Ideological gaps between the two parties are minimal, but the electorate notice personal rivalry more than shared beliefs. Those attracted to the Reform leader due to distrust in establishment—especially on border policy—do not view the two parties as aligned groups. One party has a record of permitting entry, while the other does not—a difference their leader will consistently highlight.
Farage is less eager to discuss Brexit, in part since it is a achievement shared with Conservatives and also because there are few benefits to highlight. When pressed, he may argue that the goal was sabotaged by flawed implementation, but even that explanation acknowledges disappointment. Simpler to redirect conversation.
This clarifies why Labour feels increasingly assured raising the issue. Starmer's recent party conference speech marked a turning point. Previously, he had discussed British-European ties in bureaucratic language, focusing on a relationship reset that addressed non-controversial trade barriers like customs checks while steering clear of the sensitive topics at the core of the post-referendum turmoil.
During his address, Starmer did not fully embrace old remainer rhetoric, but he suggested familiarity with previous assertions. He referenced "Brexit lies on the side of the campaign vehicle"—referring to leave campaign pledges about NHS funding—in the framework of "dubious solutions" promoted by politicians whose easy fixes exacerbate the nation's problems.
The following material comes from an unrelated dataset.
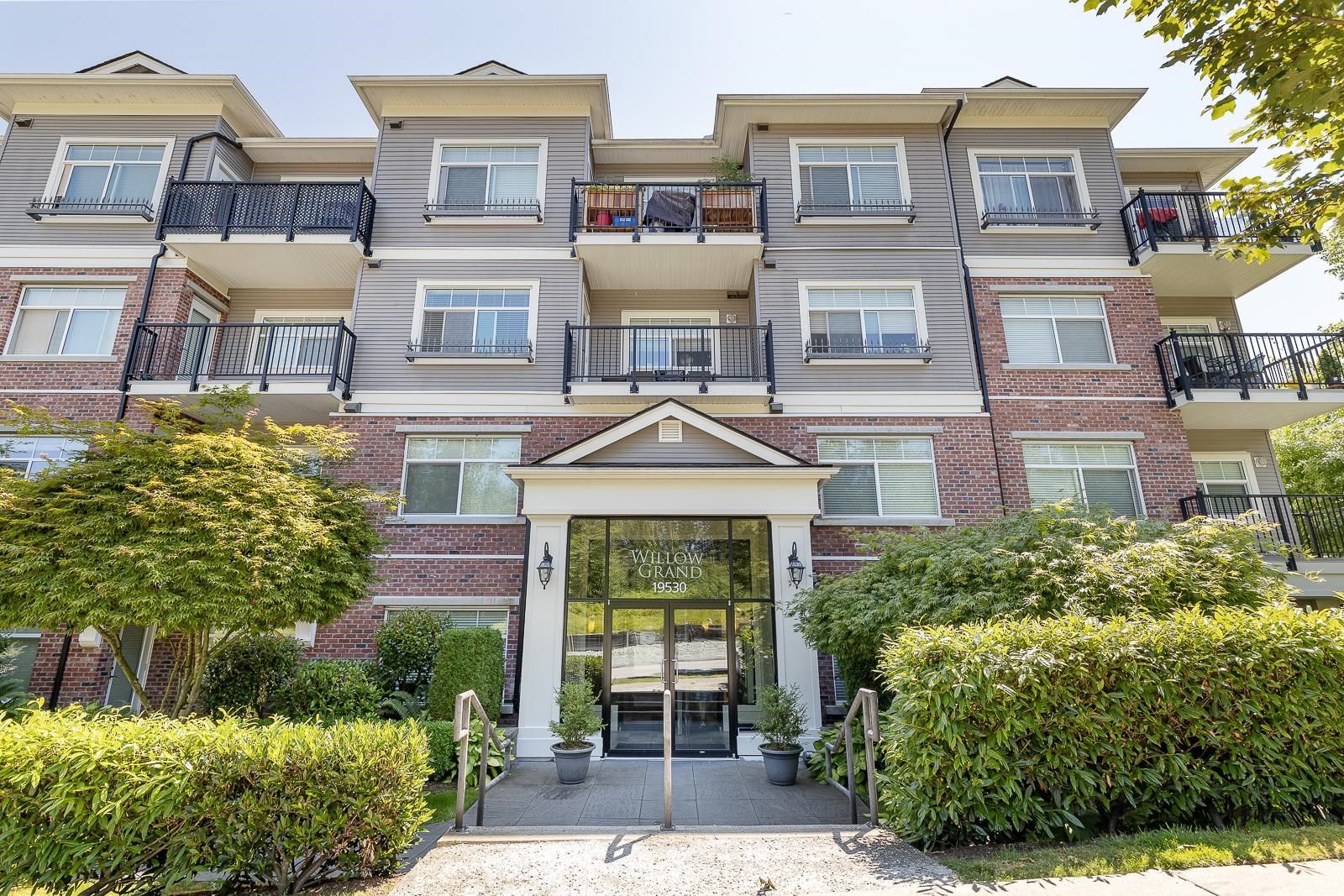Main Photo: 207 19530 65 Avenue in Surrey: Clayton Condo for sale in "Willow Grand" (Cloverdale)  : MLS®# R2713959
Departure from the EU was equated with Covid as traumas endured by the public in recent years. Likening EU exit to an illness indicates a hardening of rhetoric, even if the financial steps being negotiated in EU headquarters remain the same.
The aim is to link the Reform leader to a notorious case of political mis-selling, implying he cannot be trusted; that he capitalizes on frustration and creates conflict but lacks governing competence.
Recent suspensions of local representatives from the party's administrative wing supports that message. Leaked footage of a online meeting showed internal squabbling and blame-shifting, highlighting the difficulties amateurs face when delivering public services on tight finances—much harder than distributing leaflets about cutting waste or managing borders.
This line of attack is effective for Labour, but it depends on the government's service delivery being good enough that choosing the challengers seems a risky gamble. Additionally, this is a strategy for a future campaign that may not occur until 2029. If Starmer and Reeves wish to be seen as alternatives to populism, they must demonstrate meanwhile with a clear, constructive program of their own.
Restrictions exist to what can be achieved with a change in tone, and the clock is ticking. How much easier to make the case today that EU exit is harmful and his promoter untrustworthy if they had stated this before. How many more options might they have? Do they merit praise for admitting it now when alternate justifications are exhausted? Certainly. But the problem of arriving at the evident truth via the most circuitous route is that people question the procrastination. Beginning with honesty is faster.
Mira is a tech journalist and AI researcher with over a decade of experience covering emerging technologies and their societal impacts.